_Directions for this task_.
Restate verbatim the span of lines below between the line with "BÁN NHÀ HAI" and the line with "Cream Pink Mangalagiri", including those two lines, and only that span.

_Records for the task_.

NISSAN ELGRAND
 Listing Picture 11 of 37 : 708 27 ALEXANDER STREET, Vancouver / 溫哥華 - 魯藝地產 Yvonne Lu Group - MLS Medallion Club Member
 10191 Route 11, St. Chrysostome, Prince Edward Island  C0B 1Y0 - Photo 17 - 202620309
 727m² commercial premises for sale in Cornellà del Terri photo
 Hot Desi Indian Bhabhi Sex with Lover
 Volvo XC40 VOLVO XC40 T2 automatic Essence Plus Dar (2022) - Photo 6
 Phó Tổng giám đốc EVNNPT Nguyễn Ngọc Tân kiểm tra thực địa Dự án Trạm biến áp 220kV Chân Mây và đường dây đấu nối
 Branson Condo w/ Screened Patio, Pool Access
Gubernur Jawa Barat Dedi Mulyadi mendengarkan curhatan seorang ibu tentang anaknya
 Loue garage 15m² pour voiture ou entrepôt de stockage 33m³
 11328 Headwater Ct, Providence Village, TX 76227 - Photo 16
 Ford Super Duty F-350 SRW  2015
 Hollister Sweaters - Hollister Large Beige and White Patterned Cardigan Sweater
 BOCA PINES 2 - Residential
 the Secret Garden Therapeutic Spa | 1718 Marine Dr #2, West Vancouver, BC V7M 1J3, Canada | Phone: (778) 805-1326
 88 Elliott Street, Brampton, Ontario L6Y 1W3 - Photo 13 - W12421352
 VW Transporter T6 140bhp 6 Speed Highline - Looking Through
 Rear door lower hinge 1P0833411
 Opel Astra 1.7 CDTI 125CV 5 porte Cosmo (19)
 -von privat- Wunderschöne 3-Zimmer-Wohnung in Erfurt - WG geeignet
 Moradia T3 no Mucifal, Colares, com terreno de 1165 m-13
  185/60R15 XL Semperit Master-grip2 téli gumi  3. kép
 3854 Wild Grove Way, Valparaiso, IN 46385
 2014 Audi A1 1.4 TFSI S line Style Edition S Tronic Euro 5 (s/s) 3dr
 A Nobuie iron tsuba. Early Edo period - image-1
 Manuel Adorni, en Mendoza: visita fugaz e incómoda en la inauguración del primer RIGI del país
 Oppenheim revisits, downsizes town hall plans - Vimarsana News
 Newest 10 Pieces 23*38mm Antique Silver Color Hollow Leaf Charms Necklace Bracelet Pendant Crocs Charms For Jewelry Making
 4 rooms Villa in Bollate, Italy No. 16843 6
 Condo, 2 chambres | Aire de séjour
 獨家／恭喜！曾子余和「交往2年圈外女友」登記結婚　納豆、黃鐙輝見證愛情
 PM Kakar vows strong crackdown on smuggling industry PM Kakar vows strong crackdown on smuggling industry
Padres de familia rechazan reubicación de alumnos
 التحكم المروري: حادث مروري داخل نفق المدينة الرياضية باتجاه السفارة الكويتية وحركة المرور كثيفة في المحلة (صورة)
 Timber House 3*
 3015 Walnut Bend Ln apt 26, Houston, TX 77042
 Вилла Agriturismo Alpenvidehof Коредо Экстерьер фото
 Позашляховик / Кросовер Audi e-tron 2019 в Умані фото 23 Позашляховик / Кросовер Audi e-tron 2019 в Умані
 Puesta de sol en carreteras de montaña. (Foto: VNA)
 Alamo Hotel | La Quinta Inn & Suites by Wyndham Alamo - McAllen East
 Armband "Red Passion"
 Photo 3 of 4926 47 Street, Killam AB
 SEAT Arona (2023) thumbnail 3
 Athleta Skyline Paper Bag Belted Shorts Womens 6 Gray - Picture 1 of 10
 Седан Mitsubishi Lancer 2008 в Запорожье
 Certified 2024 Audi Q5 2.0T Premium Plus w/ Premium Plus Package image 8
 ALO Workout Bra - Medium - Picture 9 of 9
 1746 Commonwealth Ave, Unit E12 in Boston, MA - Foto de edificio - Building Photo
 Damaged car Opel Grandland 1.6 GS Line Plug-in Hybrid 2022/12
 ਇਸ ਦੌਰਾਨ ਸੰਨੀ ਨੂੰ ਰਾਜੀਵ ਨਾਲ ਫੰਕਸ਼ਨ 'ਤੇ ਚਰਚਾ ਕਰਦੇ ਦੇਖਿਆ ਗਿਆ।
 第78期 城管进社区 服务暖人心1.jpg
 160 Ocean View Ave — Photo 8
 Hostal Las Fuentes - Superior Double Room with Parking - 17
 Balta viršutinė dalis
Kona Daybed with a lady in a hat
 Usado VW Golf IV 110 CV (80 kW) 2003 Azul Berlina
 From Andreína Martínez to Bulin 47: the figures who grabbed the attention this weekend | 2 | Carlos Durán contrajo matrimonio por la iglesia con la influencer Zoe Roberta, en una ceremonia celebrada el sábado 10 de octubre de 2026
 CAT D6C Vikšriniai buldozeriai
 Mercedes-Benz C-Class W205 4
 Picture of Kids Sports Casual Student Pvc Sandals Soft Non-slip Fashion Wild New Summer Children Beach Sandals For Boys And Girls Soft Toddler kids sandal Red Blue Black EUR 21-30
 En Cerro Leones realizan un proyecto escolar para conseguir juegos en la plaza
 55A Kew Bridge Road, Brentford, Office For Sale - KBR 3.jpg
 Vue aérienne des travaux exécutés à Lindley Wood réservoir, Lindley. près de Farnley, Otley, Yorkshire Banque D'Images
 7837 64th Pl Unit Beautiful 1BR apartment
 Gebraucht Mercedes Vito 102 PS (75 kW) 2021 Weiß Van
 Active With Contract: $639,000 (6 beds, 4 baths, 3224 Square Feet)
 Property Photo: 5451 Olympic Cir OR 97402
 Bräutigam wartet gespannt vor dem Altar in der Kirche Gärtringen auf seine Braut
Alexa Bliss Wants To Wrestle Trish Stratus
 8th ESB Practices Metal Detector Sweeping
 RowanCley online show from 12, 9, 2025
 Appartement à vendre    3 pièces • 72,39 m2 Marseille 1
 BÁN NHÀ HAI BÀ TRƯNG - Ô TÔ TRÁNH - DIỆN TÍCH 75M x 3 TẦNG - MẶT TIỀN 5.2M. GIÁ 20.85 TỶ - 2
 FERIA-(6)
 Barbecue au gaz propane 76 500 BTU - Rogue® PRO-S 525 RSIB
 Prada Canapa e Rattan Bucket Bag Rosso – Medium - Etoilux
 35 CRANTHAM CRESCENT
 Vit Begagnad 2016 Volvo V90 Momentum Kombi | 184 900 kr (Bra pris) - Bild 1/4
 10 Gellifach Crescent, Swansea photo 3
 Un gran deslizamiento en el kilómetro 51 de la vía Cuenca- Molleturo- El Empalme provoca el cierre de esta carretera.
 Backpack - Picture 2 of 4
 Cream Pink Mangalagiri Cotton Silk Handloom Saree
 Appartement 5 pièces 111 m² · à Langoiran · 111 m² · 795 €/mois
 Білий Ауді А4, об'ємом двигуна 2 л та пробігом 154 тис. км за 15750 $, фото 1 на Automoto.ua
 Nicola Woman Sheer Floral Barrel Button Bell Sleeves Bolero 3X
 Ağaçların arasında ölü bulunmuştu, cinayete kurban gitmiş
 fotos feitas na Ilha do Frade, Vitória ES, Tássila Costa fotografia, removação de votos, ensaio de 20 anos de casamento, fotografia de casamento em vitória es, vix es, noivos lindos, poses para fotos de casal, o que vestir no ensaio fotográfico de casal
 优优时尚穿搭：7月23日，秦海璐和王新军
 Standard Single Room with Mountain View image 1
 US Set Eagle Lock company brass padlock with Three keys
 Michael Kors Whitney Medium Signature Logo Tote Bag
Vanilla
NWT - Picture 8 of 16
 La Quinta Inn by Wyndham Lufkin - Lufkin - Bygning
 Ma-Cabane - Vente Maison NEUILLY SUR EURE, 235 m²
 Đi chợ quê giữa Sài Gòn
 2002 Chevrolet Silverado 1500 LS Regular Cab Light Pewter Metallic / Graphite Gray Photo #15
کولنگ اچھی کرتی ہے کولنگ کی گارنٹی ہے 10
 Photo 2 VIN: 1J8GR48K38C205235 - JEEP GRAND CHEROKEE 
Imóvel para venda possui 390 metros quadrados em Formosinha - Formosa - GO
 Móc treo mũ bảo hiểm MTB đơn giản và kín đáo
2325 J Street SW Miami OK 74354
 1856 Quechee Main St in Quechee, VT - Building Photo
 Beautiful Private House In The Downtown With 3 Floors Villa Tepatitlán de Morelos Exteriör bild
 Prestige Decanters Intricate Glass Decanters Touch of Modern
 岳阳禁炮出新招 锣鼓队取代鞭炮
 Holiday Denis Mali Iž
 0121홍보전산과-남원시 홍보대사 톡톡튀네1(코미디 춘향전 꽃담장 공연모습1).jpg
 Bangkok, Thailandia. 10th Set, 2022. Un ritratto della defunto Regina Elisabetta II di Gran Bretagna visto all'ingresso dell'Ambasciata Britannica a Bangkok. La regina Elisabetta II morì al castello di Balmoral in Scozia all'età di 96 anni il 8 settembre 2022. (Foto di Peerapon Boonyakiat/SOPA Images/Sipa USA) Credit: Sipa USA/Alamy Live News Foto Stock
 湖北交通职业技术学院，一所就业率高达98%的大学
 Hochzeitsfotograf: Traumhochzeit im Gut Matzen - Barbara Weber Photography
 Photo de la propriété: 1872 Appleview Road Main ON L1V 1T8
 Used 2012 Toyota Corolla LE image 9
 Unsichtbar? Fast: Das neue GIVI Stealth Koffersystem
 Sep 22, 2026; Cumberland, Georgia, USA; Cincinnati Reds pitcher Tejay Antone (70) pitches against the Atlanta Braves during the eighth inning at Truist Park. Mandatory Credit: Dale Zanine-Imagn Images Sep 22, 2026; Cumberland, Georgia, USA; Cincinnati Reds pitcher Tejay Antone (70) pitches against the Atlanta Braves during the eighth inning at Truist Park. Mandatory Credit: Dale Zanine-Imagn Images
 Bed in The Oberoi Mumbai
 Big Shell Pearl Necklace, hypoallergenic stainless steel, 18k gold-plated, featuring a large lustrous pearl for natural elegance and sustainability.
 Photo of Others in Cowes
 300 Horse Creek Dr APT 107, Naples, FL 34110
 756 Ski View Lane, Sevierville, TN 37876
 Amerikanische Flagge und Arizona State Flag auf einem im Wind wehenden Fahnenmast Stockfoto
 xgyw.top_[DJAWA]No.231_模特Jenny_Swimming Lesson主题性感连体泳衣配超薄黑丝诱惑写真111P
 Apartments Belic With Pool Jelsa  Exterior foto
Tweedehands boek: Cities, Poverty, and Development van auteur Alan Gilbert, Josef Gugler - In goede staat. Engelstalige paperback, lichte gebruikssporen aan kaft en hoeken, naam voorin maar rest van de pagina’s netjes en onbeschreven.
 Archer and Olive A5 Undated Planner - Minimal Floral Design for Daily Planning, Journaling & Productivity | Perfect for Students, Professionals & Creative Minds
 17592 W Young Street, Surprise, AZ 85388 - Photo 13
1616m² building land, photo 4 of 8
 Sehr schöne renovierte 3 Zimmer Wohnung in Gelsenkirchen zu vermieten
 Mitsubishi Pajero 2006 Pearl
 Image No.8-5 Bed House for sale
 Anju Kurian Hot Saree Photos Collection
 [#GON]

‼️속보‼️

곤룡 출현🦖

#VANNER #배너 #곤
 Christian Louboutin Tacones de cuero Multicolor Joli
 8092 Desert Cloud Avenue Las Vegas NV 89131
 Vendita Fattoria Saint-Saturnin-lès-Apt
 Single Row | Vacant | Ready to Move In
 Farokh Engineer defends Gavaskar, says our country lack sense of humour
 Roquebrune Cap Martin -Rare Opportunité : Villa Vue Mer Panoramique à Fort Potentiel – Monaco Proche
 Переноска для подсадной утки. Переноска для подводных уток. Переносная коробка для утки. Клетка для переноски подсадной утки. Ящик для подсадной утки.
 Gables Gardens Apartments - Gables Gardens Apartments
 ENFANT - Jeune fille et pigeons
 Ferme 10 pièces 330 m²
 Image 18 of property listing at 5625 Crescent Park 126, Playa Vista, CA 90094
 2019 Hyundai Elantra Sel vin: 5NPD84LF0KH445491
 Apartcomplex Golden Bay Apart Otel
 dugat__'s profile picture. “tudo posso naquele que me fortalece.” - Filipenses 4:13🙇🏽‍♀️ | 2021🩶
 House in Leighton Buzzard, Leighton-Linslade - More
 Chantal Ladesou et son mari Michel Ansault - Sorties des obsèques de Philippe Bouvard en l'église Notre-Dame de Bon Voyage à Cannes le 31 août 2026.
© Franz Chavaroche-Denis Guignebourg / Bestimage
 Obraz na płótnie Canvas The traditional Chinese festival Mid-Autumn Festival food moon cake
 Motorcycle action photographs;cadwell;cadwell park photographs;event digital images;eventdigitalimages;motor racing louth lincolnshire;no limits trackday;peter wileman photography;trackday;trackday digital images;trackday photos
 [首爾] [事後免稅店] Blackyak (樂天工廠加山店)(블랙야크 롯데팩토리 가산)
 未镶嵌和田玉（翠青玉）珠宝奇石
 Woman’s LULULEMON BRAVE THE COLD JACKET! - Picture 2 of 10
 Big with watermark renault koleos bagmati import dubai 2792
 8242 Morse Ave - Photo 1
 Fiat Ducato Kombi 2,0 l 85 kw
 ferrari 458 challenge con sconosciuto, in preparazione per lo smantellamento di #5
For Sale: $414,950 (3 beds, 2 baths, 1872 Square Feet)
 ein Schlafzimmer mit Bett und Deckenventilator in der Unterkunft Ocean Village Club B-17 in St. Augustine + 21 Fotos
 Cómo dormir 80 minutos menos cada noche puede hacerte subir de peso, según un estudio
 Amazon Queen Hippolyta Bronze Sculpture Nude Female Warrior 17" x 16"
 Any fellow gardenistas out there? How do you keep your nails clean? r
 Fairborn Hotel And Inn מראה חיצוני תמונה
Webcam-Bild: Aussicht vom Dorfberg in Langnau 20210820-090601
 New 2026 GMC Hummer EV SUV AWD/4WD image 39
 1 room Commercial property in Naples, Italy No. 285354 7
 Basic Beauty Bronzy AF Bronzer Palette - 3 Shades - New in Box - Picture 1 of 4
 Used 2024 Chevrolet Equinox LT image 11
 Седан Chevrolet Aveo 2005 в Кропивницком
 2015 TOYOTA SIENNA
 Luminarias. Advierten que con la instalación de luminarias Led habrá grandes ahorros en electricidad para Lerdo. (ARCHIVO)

_Output below_.
 BÁN NHÀ HAI BÀ TRƯNG - Ô TÔ TRÁNH - DIỆN TÍCH 75M x 3 TẦNG - MẶT TIỀN 5.2M. GIÁ 20.85 TỶ - 2
 FERIA-(6)
 Barbecue au gaz propane 76 500 BTU - Rogue® PRO-S 525 RSIB
 Prada Canapa e Rattan Bucket Bag Rosso – Medium - Etoilux
 35 CRANTHAM CRESCENT
 Vit Begagnad 2016 Volvo V90 Momentum Kombi | 184 900 kr (Bra pris) - Bild 1/4
 10 Gellifach Crescent, Swansea photo 3
 Un gran deslizamiento en el kilómetro 51 de la vía Cuenca- Molleturo- El Empalme provoca el cierre de esta carretera.
 Backpack - Picture 2 of 4
 Cream Pink Mangalagiri Cotton Silk Handloom Saree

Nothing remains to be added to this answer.